At his death in 1908, Poul la Cour had become well known as an inventor, teacher and promoter of rural electricity.
The test mill buildings in Askov were filled with different activities, and the mill itself delivered electricity to the local power plant.
J. Th. Arnfred, who started teaching at Askov in 1900, had worked closely with Poul la Cour and continued this work after la Cour’s death.
La Cour’s mission to install a wind mill on every farm, however, was not as popular any more. The price of electricity had dropped and alternating current had replaced direct current, which made it possible for the large electricity plants in the cities to supply the rural districts.
During World War 1, electricity became scarce and wind energy regained its popularity.

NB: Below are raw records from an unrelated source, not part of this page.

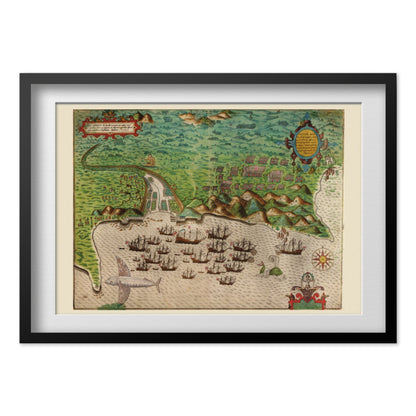 Drake Raid on Santiago 1585 print in a black frame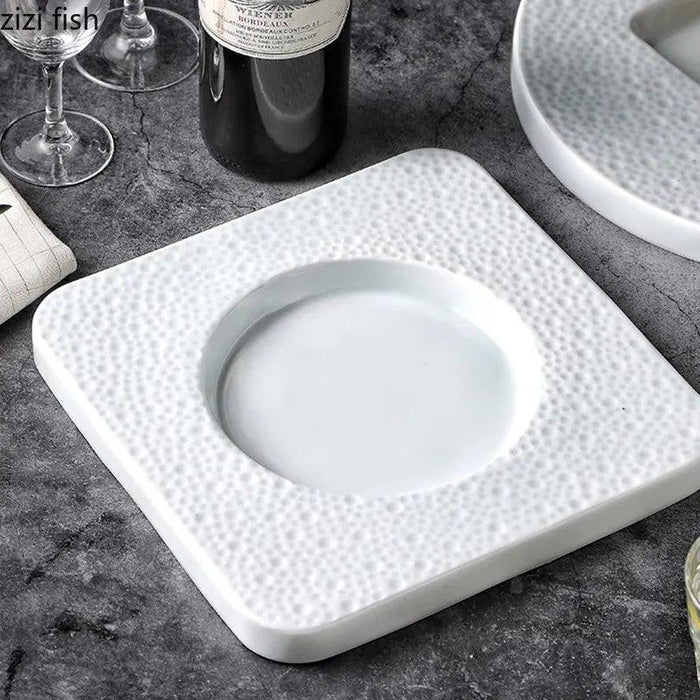 Elevate Your Culinary Presentation with Elegant Stone-Inspired Ceramic Plate Set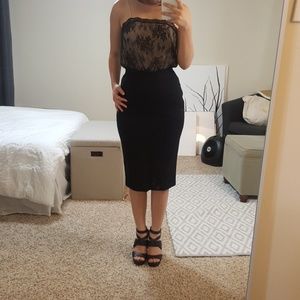 Black midi pencil skirt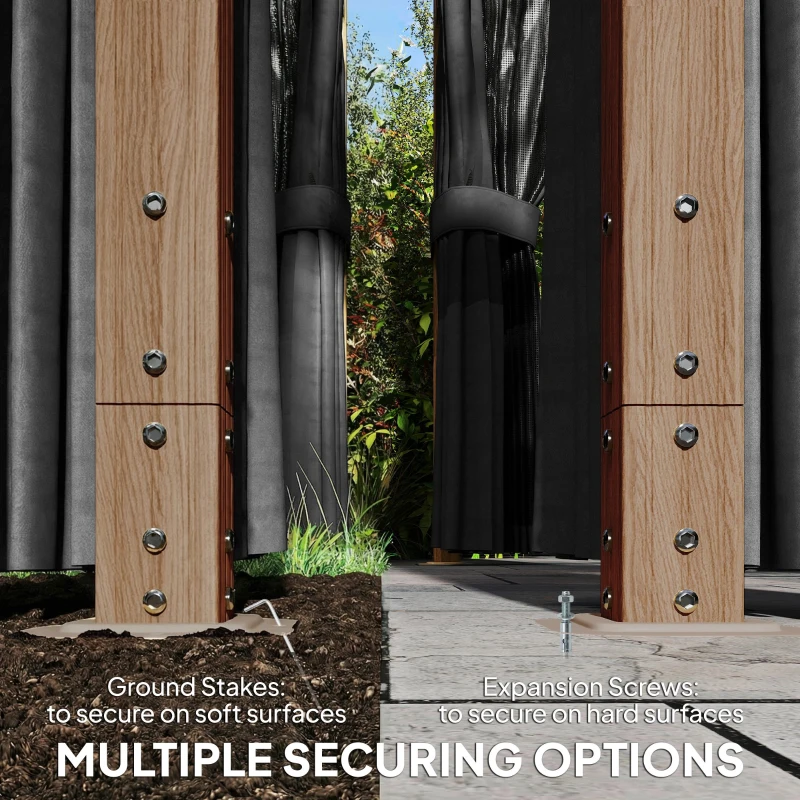 Outsunny Pawilon ogrodowy 4x3m aluminiowy z dachem z poliwęglanu 6 mm, moskitiera, 4 zasłony, imitacja drewna, naturalne drewno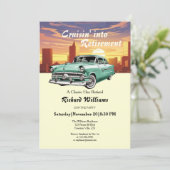 Retirement cruising klassieke retro auto stadsfees kaart (Staand voorkant)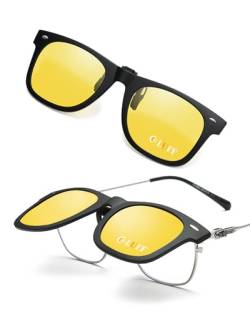 LUFF Clip auf Nachtsichtbrille für Herren Damen, Anti-Glare Flip Up UV-Schutz Lightweight Polarized Yellow Clip-on Glasses Clips für Outdoor/Fahren von LUFF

However, after the war, the sale of wind turbines dropped off. The large electricity plants multiplied in number, and the installation of alternate current electricity continued in many places.
In 1929, the large test turbine installed by la Cour in 1897 burnt down, and after a great deal of consideration, a new type of turbine – the Lykkegaard wind turbine — was installed.
In 1935, Askov Folk High School bought the test center from the state. However, because of the security of supply and an increased electricity consumption, electricity production from both the petroleum engine and wind turbine was ended.
In the autumn of 1999, the test turbine buildings – which had been used as classrooms for students at the folk high school — were put up for sale. Sponsored by the Danish wind industry, the Poul la Cour Foundation bought the buildings in March 2000 with the intention of establishing a museum.